There is little use in fitting the model without making predictions. Several functions are provided that make different types of predictions.

We can get the expected goals with the predict_expg function. Here the return_df is set to TRUE, which returns a convenient data.frame.

to_predict1 <- c('Arsenal', 'Manchester United', 'Bolton Wanderers')
to_predict2 <- c('Fulham', 'Chelsea', 'Liverpool')

predict_expg(gm_res_dc, team1=to_predict1, team2=to_predict2, return_df = TRUE)
##                               team1     team2    expg1     expg2
## Arsenal                     Arsenal    Fulham 2.119342 1.0249899
## Manchester United Manchester United   Chelsea 2.291206 0.9289649
## Bolton Wanderers   Bolton Wanderers Liverpool 1.069256 1.5093093

We can also get the probabilities of the final outcome (team1 win, draw, team2 win) with the predict_result function.

predict_result(gm_res_dc, team1=to_predict1, team2=to_predict2, return_df = TRUE)
##               team1     team2        p1        pd        p2
## 1           Arsenal    Fulham 0.6119676 0.2266340 0.1613984
## 2 Manchester United   Chelsea 0.6684588 0.2051687 0.1263725
## 3  Bolton Wanderers Liverpool 0.2522542 0.2902563 0.4574895

Other functions are predict_goals which return matrices of the probabilities of each scoreline, and predict_ou for getting the probabilities for over/under total scores.

Weights

For predicton purposes it is a good idea to weight the influence of each match on the estimates so that matches far back in time have less influence than the more recent ones.
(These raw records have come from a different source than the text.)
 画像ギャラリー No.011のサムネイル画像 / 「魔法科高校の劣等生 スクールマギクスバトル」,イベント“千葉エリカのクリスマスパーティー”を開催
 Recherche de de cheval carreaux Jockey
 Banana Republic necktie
The Dixon-Coles paper describe a function that can help set the weights. This function is implemented in the weights_dc function. The degree more recent matches are weighted relative to earlier ones are determined by the parameter xi. Good values of xi is usually somewhere between 0.001 and 0.003

Here we calculate the weights, plot them, and fit the default model with the weights.

my_weights <- weights_dc(england_2011$Date, xi=0.0019)

length(my_weights)
## [1] 380
plot(england_2011$Date, my_weights)

gm_res_w <- goalmodel(goals1 = england_2011$hgoal, goals2 = england_2011$vgoal, 
                     team1 = england_2011$home, team2=england_2011$visitor,
                     weights = my_weights)

Additional covariates

It is possible to use additional variables to predict the outcome. One particular useful thing this can be used for is to have greater control of the home field advantage. For example if you use data from several leagues you might want to have a separate home field advantage for each league, or be able to turn of the advantage for games played on neutral ground.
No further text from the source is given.